Rock, équitation et métaphysique
Le tout bien frappé à la sauce rock’n’roll, pour apporter une dimension quasi homérique à cette course poursuite insensée, mais ô combien délectable, qu’on avale d’une traite comme un shot de vodka cocaïnée, avant d’enquiller sur le second verre. De fil en aiguille, les retrouvailles troubles et viscérales de Mary et Icarus élargissent le cadre de la fiction, lui apportent une dimension presque ésotérique, interrogeant à la fois la force de l’amour et le devenir de notre espèce à l’heure de la crise climatique et de l’explosion de la population mondiale. Survivrons-nous ? Comment ? Pourquoi ? Question cruciale, qui échappe à la projection métaphysique pour s’enraciner dans une menace désormais bien concrète.
Surfant sur les divagations d’un complotisme qu’il ne goutte guère, Will, comme à son habitude, a compulsé une TRÈS volumineuse documentation avant de mettre en chantier puis d’accoucher de ce très beau bébé de 323 pages qui dégage la perspective d’un futur où l’amour nous sauvera peut-être, mais pas comme nous le pensons (parce que sinon ça ne serait toujours pas fun). Appliquant à son écriture le rythme d’une compo rock (n’oubliez pas que le Monsieur est aussi musicien et producteur), tenant son récit d’une main douce mais ferme (ah oui, le Monsieur est aussi un cavalier accompli qui tient aussi bien son cheval que sa plume), Will affirme une fois de plus qu’il possède un style propre, un univers spécifique d’une incroyable richesse.
Un vent de folie
Et le sens des séquences coups de poing : mémorable, le passage où Icarus et les membres de son nouveau groupe partent enterrer dans le désert une tête de chaman momifiée piquée à un producteur lors d’une soirée arrosée, le tout sous l’œil fasciné et enthousiaste de la presse convoquée à bon escient par un manager malin. Je vous laisse parcourir ces pages complètement dingues qui ne sont pas sans évoquer le sort réservé à la dépouille de Gram Parsons, rocker de son état, incinéré par son pote Phil Kaufman dans les sables du parc national de Joshua Tree. Eh oui, once a rocker, always a rocker. Philippe Will a beau s’interroger sur les mystères de l’amour, il n’oublie pas ce pendant essentiel de sa propre vie, ni les fondamentaux de la communication, autre discipline où il excelle.

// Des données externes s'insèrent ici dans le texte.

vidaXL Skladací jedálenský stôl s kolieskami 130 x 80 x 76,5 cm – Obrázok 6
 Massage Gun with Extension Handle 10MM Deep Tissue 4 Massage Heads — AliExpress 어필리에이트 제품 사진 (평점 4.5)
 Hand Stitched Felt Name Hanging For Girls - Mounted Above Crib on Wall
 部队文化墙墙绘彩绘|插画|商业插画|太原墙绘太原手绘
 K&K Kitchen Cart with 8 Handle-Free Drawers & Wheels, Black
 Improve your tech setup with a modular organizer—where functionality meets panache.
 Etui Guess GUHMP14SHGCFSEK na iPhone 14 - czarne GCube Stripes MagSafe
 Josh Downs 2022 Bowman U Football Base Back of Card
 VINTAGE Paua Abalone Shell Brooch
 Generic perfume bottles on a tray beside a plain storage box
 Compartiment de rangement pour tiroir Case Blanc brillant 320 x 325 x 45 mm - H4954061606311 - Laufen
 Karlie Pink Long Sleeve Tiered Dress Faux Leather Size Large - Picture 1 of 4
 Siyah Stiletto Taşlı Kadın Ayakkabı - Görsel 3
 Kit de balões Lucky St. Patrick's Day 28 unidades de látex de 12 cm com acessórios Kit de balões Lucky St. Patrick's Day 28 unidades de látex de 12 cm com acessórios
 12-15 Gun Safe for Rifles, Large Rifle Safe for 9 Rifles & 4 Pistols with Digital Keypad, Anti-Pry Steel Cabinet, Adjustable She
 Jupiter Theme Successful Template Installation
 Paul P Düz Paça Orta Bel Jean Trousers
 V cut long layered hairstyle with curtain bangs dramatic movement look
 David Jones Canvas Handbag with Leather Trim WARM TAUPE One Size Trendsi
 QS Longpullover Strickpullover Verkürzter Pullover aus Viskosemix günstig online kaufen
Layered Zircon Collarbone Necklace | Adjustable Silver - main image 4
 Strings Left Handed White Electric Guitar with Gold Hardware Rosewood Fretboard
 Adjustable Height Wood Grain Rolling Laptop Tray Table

Des scènes aussi barrées ancrées cependant dans un solide terreau de véracité historique et scientifique, le roman en regorge, ne laissant aucun temps mort au lecteur qui se retrouve embarqué avec Icarus dans cette quête frénétique de l’amour plus fort que la mort. Car c’est initialement de cela qu’il s’agit. Fusionnant l’univers très froid de la littérature d’anticipation, le côté complètement foutraque des backstages, l’omniprésence oppressante de la technologie qui assujettit au lieu de libérer, Will s’offre ici une relecture anthologique du mythe d’Eros et de Thanatos. Elle vous laissera en tête bien plus qu’une histoire : des flashs, une sensation, une atmosphère, comme un vent de folie alimenté de riffs de gratte et de métempsychose.
Merci à Philippe Will pour son temps, ses réponses, sa dédicace.